[DATA PROVIDED]
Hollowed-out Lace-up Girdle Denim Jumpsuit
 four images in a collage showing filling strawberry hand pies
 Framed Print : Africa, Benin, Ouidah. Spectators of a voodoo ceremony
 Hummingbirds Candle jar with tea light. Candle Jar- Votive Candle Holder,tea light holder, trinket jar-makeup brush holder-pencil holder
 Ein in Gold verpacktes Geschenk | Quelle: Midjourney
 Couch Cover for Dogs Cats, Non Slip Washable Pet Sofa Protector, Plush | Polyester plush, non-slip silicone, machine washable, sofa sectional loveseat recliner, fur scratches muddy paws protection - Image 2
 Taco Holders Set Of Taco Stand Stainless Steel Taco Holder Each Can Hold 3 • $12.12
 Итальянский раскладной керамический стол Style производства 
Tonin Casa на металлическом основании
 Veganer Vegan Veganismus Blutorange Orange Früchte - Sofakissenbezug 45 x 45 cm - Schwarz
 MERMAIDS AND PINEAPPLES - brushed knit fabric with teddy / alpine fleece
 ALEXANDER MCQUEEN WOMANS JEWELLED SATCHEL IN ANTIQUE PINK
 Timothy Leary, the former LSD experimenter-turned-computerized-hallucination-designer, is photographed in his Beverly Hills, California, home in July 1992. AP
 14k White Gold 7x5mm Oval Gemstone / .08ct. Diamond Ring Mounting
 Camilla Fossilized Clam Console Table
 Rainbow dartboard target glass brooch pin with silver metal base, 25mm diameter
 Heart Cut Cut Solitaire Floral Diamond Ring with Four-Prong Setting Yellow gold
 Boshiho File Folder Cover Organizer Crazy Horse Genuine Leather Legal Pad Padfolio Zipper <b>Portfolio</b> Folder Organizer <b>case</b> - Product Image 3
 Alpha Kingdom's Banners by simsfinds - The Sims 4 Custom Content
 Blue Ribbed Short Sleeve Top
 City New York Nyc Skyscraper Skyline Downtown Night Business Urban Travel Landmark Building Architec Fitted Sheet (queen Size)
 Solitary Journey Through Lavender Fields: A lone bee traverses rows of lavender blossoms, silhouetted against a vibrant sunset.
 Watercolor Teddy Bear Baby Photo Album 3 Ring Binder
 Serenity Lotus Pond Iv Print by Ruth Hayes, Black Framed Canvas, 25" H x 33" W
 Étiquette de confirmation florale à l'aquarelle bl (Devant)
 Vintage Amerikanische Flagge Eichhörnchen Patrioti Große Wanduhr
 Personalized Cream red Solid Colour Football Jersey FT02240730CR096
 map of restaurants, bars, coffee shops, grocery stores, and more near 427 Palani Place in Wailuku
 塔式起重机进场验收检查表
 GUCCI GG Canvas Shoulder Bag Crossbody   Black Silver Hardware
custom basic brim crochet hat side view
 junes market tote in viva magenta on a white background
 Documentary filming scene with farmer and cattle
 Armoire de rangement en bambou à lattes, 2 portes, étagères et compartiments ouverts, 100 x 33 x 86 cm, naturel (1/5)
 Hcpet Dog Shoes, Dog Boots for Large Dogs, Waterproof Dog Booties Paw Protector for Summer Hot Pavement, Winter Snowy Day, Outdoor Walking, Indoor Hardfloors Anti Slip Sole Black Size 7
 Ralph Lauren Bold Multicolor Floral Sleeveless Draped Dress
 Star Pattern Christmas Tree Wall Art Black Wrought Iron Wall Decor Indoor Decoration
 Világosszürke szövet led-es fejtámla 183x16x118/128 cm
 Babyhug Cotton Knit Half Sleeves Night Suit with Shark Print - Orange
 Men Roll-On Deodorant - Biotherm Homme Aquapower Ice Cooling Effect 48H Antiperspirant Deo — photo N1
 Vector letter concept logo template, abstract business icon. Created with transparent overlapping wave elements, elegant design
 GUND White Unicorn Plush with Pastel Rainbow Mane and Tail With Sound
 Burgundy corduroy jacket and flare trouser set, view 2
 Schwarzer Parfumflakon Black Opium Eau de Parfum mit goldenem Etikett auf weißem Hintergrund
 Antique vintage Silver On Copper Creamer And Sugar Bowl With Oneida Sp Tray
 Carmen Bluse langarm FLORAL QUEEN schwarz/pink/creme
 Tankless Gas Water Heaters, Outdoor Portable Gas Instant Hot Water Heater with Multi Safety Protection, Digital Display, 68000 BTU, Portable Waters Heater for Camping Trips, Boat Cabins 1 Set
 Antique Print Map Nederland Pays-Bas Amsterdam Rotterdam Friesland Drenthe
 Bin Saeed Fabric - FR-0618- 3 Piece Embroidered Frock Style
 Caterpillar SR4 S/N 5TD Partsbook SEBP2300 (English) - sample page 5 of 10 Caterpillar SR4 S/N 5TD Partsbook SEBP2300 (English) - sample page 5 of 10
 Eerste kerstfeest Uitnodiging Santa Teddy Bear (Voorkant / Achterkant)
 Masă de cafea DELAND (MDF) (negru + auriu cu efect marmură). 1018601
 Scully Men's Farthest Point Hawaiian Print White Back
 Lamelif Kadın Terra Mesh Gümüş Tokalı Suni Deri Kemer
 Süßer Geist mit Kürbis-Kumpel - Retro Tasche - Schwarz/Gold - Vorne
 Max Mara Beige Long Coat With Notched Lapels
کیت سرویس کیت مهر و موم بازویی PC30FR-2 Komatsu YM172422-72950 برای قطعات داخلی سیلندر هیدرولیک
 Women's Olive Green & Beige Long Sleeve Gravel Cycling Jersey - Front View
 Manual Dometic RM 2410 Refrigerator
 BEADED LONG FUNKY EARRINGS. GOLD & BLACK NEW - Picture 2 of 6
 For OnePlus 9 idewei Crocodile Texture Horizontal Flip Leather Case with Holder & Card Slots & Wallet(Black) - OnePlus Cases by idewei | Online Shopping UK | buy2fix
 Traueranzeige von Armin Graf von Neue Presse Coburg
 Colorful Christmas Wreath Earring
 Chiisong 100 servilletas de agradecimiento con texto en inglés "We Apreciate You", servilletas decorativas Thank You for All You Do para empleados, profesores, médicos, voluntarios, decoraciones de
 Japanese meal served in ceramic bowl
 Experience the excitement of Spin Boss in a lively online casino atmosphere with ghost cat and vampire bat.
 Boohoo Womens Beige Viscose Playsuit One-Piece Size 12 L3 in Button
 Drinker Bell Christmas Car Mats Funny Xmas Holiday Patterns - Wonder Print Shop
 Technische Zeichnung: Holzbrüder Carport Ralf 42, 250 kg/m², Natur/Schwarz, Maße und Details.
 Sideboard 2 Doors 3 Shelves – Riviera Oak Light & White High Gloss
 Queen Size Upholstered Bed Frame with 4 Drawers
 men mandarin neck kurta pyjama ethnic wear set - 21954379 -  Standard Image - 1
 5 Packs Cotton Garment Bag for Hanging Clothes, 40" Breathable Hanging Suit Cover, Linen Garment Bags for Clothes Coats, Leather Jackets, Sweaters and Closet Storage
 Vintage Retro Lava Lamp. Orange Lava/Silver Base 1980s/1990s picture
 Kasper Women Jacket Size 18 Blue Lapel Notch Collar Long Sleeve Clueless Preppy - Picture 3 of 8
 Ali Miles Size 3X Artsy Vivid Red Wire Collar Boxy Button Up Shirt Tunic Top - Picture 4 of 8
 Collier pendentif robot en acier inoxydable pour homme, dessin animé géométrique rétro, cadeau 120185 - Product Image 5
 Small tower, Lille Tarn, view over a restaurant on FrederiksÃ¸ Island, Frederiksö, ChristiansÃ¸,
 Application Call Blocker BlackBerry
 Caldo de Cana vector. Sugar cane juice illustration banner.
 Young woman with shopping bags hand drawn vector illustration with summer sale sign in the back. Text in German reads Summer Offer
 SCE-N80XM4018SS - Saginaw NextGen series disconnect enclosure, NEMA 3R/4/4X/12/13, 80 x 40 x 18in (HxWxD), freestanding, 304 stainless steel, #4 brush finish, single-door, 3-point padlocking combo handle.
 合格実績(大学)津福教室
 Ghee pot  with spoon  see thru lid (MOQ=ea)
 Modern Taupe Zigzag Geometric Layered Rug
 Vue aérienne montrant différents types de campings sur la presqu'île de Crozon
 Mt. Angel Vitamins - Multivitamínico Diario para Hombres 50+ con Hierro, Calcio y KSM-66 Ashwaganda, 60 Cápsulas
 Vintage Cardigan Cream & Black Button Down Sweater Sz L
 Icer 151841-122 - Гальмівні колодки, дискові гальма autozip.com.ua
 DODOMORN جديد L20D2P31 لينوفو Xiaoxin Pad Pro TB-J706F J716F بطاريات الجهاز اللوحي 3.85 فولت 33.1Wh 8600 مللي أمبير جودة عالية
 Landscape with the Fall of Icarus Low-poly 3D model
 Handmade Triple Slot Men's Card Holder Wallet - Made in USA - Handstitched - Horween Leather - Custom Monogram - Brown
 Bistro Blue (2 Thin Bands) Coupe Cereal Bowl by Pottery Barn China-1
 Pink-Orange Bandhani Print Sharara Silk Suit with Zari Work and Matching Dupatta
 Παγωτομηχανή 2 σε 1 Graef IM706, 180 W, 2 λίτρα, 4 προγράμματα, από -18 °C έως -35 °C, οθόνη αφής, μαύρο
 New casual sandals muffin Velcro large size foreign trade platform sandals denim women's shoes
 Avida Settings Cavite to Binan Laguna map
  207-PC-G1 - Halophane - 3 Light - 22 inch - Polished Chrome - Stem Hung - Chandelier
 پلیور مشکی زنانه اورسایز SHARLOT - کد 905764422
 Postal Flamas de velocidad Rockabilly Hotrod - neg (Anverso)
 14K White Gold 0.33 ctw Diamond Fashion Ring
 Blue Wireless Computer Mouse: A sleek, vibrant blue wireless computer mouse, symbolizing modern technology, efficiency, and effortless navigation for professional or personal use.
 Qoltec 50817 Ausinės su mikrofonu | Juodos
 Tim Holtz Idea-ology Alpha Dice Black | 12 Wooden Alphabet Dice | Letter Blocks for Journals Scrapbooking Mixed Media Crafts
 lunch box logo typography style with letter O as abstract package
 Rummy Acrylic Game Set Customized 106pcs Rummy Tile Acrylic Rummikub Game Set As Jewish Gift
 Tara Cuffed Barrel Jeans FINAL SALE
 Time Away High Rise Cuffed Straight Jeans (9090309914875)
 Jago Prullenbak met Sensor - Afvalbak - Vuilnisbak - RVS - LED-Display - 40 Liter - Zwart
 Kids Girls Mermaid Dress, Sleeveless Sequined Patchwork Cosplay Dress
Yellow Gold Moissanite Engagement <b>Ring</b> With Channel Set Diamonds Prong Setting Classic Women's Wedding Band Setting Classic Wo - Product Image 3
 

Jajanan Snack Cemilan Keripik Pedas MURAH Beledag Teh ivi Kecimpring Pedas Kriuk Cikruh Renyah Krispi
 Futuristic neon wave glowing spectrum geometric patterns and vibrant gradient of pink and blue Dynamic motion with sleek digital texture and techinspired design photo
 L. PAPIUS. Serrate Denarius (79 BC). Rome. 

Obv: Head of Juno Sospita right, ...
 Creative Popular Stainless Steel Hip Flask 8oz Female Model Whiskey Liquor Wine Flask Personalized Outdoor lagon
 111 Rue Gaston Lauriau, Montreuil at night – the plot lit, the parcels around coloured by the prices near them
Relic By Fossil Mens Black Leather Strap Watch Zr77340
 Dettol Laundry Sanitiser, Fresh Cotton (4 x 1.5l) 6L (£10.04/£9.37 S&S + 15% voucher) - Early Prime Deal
[/DATA PROVIDED]
[TASK BRIEF]: The lines to return are those in the records above that hold the word "Alpha".

[TASK SOLUTION]:
 Alpha Kingdom's Banners by simsfinds - The Sims 4 Custom Content
 Tim Holtz Idea-ology Alpha Dice Black | 12 Wooden Alphabet Dice | Letter Blocks for Journals Scrapbooking Mixed Media Crafts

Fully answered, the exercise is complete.